Originally a musician by trade, Galluppi says that he originally felt compelled to pursue filmmaking after spending countless hours watching Hitchcock and Fellini movies in the back of his tour van. But he almost watched his directing career vanish before it truly began after a negative experience traveling to Cincinnati to debut his first microbudget short at a small festival.
“It was a terrible screening; nobody showed up,” Galluppi recalled. “It was an 8 a.m. screening the morning after the opening night party. And I flew out there at a time when I really had no money, and I was like, ‘Goddamnit, that was a waste of time.”
But the disappointing premiere led to a serendipitous meeting with James Claeys, a friend in the fashion industry who saw the artistic potential in Galluppi’s early work. Claeys offered the young director $50,000 with no strings attached to develop his next project. Sensing an opportunity to make his first feature, Galluppi began brainstorming ideas about an eclectic cast of vagabonds stranded at a gas station diner waiting for a fuel truck that eventually became “The Last Stop in Yuma County.”
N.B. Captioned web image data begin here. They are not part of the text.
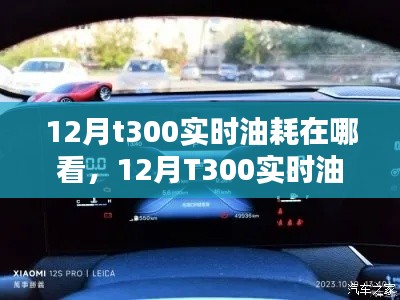 12月T300实时油耗查看指南,深度评测与介绍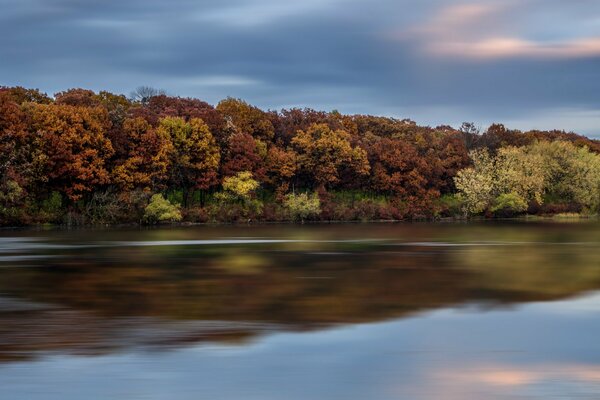 3D landscapes forests and rivers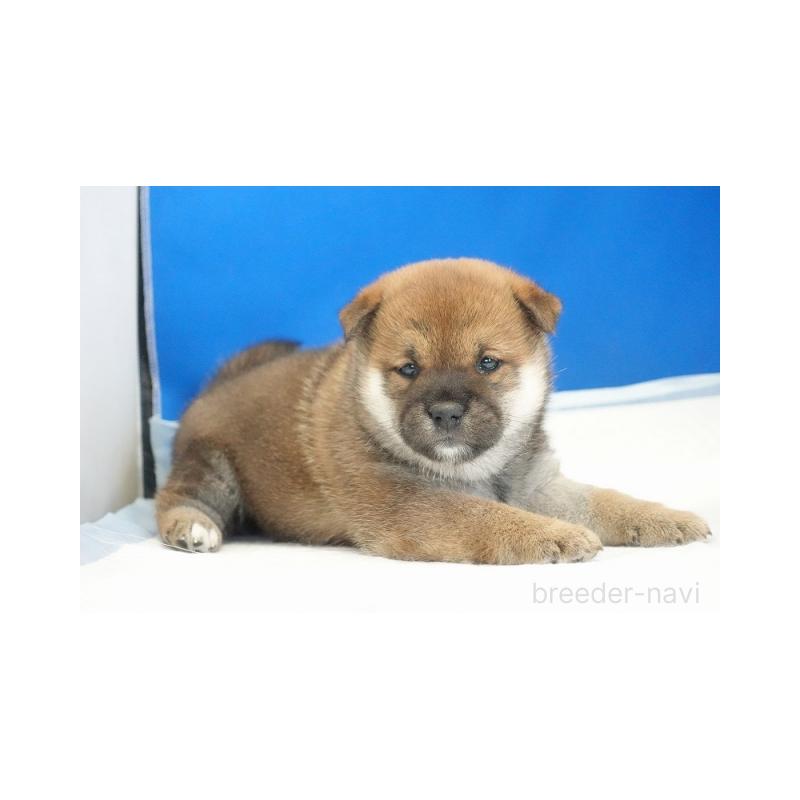 販売中の愛知県の柴犬-441920の2枚目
Galluppi initially planned to make the movie on a $50,000 budget, but his script quickly attracted the attention of bigger investors. But as the prospect of a much larger budget flashed before his eyes, he began to realize that those resources would only come if he compromised on key aspects of the film, such as his insistence on casting Cummings as The Knife Salesman.
“I ended up optioning the script to this company that said, ‘We’re gonna make this for $5 million.’ And I was like, ‘Oh my god, this is crazy!’ And very quickly realized that it was the name game. You get this person with this much value, and that warrants a $5 million budget. And if you can’t get this person, you have no movie. It was just like, that wasn’t the movie I had in mind,” he said. “So once the option expired with that company, I just decided ‘I’m gonna go make this movie myself with whatever we have.’”
Back to square one and jaded by the development process, Galluppi turned his attention to plotting out his dream version of “Yuma County” without regard for his lack of funds. He eventually settled on a vision for the film that could be made for roughly $1 million and began assembling a cast and crew.
“I just started trying to pretend like we had money. I started shotlisting and photoboarding and writing letters to all these actors, hiring heads of departments and getting producers on board,” he said. “Basically, everything you can do without any money.”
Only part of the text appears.